In June 1908, in the mountain village of Toblach (South Tyrol), he took refuge in the solitude of his Häuschen, a small hut built in the middle of nature, in an effort to overcome his anxiety and rediscover the inspiration that had deserted him after his tragic loss. An avid reader, Mahler found a reflection of his state of mind in a small book, Die Chinesische Flöte (The Chinese Flute), a gift from his friend Theobald Pollak. This small anthology compiled by Hans Bethge brings together Chinese poems from the 7th and 8th centuries, drawn from various existing collections in French and German, and bears witness to the long-standing vogue for Orientalism throughout Europe in last decades of the 19th century. Oriental poetry finds particular resonance with the composer’s melancholy state, fluctuating between weariness of existence and yearning for eternal rest: “Dark is life, dark is death!” repeats the first lied, while the last on states: “Everywhere, the horizon will be blue, eternally, eternally.”
In 1920, Arnold Schönberg was the first to perform a version of Das Lied von der Erde for tenor, baritone and thirteen instrumentalists, for Vienna’s Society for Private Musical Performances, thus reaffirming his admiration for Mahler. Reinbert de Leeuw proposed in turn his own vision of Song of the Earth based on Schönberg’s instrumentation, while retaining certain instruments that he considers essential to the work’s identity – the gloomy-sounding contrabassoon at the start of Abschied, for example, or the harp, which so aptly expresses the sense of eternity. Here, the loss of orchestral power is compensated by a subtle balance between instruments and solo voices, tightening the intimate connection between word and music, and engaging the listener’s fully focused attention.

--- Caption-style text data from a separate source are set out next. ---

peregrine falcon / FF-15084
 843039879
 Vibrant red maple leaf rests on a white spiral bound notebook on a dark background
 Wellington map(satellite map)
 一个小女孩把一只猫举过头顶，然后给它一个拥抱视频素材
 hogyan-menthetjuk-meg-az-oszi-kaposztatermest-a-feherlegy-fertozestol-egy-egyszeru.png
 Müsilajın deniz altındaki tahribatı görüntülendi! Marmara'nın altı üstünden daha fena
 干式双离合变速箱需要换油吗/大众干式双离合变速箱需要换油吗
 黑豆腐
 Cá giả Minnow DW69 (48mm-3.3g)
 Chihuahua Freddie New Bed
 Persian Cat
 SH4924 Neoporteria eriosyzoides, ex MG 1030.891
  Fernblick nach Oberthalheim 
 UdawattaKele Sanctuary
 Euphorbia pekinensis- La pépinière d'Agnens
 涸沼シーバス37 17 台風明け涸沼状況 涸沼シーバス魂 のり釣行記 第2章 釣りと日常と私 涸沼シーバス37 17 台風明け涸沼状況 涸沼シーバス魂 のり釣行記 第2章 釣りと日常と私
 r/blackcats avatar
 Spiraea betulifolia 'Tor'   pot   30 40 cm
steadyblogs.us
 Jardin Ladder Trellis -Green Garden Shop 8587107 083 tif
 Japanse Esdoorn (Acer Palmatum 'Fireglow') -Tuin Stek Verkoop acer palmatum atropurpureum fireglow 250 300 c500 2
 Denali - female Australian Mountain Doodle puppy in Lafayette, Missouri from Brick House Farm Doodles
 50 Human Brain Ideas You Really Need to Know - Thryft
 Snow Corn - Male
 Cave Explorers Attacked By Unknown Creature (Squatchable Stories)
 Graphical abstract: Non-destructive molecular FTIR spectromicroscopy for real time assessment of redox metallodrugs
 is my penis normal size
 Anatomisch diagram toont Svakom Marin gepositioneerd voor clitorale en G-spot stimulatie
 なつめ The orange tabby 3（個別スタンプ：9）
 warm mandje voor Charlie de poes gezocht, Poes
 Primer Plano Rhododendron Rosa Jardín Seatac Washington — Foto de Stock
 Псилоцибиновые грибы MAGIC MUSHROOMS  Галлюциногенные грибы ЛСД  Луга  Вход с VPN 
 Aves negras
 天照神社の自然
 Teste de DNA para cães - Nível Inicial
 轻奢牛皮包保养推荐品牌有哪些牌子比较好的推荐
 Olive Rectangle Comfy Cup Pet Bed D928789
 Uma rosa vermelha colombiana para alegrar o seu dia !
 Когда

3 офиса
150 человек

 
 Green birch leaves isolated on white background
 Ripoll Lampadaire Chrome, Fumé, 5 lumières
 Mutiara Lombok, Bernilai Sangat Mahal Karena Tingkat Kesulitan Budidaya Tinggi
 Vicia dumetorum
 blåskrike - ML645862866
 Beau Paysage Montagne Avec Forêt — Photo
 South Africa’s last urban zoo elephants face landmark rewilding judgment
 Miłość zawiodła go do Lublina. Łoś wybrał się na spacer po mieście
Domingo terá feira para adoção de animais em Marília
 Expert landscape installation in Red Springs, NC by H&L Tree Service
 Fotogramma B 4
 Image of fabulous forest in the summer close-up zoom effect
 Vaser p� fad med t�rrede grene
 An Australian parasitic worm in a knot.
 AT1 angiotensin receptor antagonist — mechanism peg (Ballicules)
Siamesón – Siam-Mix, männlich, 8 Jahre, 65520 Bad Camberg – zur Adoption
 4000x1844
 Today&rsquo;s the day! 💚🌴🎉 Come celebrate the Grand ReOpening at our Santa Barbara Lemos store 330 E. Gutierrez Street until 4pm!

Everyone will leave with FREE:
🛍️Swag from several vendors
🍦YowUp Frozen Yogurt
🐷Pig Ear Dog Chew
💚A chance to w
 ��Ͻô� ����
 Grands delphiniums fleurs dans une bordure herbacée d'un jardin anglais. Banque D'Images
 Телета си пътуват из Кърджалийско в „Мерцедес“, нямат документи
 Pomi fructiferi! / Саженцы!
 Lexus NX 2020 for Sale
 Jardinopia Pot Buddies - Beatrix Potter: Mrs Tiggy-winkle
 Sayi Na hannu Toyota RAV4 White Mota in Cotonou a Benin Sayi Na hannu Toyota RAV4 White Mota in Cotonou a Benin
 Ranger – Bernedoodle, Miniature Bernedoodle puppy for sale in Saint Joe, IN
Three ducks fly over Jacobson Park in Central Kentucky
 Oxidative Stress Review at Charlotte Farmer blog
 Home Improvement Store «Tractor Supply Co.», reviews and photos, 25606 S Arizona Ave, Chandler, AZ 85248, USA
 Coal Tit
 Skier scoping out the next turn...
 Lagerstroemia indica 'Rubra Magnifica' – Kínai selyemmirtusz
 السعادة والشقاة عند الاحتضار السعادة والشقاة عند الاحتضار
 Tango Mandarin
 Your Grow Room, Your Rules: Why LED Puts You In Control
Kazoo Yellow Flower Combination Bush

I have fond memories of the first performance of this version of Das Lied in France by the Het Collectief, with Lucile Richardot and Yves Saelens as soloists conducted by Reinbert de Leeuw, at the 2019 Festival de Saintes. The same artists performed the work again at the Festival de Royaumont the following year. Reinbert de Leeuw had passed away a few months earlier, but he had had the strength to complete the recording of the work, whose message he seemed to have fully integrated. The young Gregor Mayrhofer replaced him as conductor in a perfect transmission. Surrounded by the musicians of Het Collectief and the fully committed soloists, he succeeded in conveying all the intensity of this score. Rather than a song of farewell, Das Lied von der Erde carries a song of eternal renewal reflecting Putzi’s gaze.